Amid Budget Crisis, Oklahoma Governor Bans 'Swag' Spending
Gov. Mary Fallin’s office estimates state agencies spend up to $58 million a year on monogrammed giveaways like key chains, pens and stress balls.
Some people look at a key chain and see a cute memento. Oklahoma Gov. Mary Fallin sees useless government waste.
Facing a roughly $200 million budget hole in the current year and an expected $400 million deficit next year, Fallin issued a slew of executive orders last week in an effort to cut spending. Amid those orders was a directive that bans spending on promotional items such as key chains, stress balls and T-shirts, often called "swag." The governor's office estimates state agencies spend up to $58 million annually on such items.
Fallin's order came after the state legislature failed to resolve its budget deficit during its first special session, in part because some lawmakers maintained the state should curb wasteful spending before raising taxes.
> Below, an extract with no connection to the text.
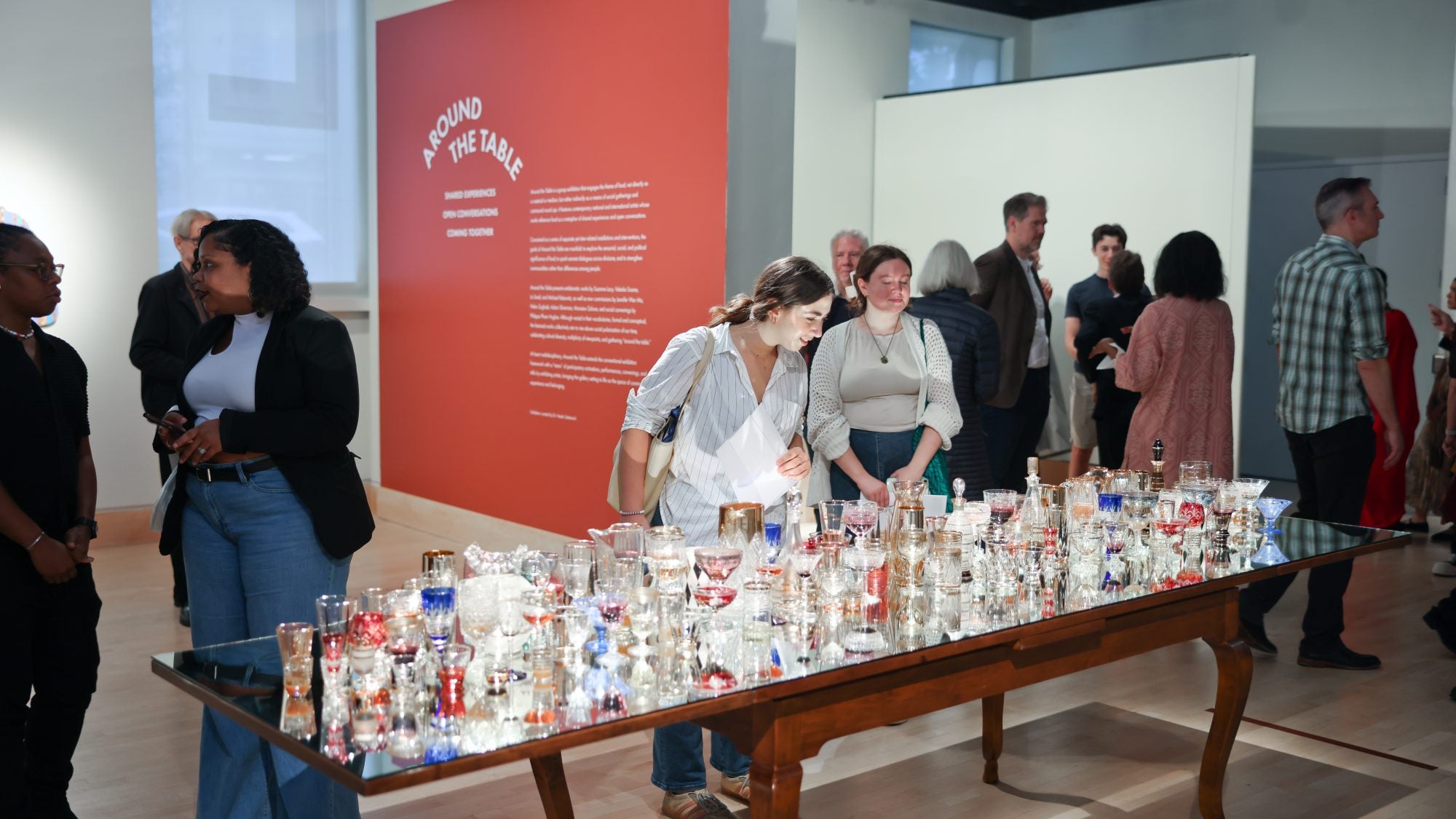 Two women peer at a table with glasses on it as part of a display in an art gallery.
A bipartisan bill to address Oklahoma’s repeated budgetary shortfalls and fund a teacher pay raise failed twice in the House.
“While I have always and will continue to support eliminating waste and inefficiency in state government, I strongly believe that we need to continue these efforts while solving Oklahoma’s structural budget problem and fund a teacher pay raise,” Fallin said after the House failed to pass the budget bill.
Although it’s a relatively obscure and sometimes small part of agency budgets, swag spending tends to get targeted in times of fiscal crisis.
In 2011, for instance, California Gov. Jerry Brown ordered agencies to immediately stop spending taxpayer dollars on free giveaway and gift items as California was dealing with a $25 billion dollar budget deficit. The ban was issued amid other executive orders to freeze hiring across state government and reduce the state’s passenger vehicle fleet by half -- all in an effort to cut $363 million in operational costs.
Later that same year, President Barack Obama issued an executive order calling on agencies to limit spending on extraneous promotional items. The order was part of the president's Campaign to Cut Waste.
In Oklahoma, several bills in recent years that would ban or limit swag spending have failed.
Government spending accountability organizations generally applaud these measures, noting that promotional and logo gear is only one category of wasteful government spending. “Unnecessary printing costs, duplicate services -- there’s a lot of fat that can be trimmed,” says Michelle Surka, a tax and budget expert with the U.S. Public Interest Research Group. “Oklahoma making an attempt to do that is something that should be happening even outside of a budget crisis."
Swag and other extraneous spending can be embarrassing when exposed. An Associated Press investigation recently revealed Wisconsin Attorney General Brad Schimel has spent about $83,000 on promotional items since he took office. The invoices included $10,000 for coins emblazoned with Schimel's "kicking ass every day" mantra, nearly $3,200 on candy and $100 on fortune cookies containing custom messages.
Still, it’s tough to gauge exactly how much trimming swag can directly help in a budget crisis. The available tallies of such spending vary widely. In California, Brown's 2011 executive order found that state agencies and departments spent $7.5 million over three years. In Oklahoma, a recent state Senate bill banning swag spending estimated it could save the state $30 million in a single year. (Fallin’s office says her $58 million annual savings estimate was developed by the governor’s legal division.)
But not everybody is on board with the ban.
Oklahoma State Sen. Kate Floyd notes that some items can double efforts to spread vital information. Stress balls, for example, are often given to health-care clients and military veterans. “If that ball has a suicide or drug hotline number or something on that they may need -- and may need quickly -- then you want them to have access to it,” she says. “We need to understand sometimes there’s more beneath the surface.”
Fallin’s order does allow for exemptions, but it’s unclear what items may receive one.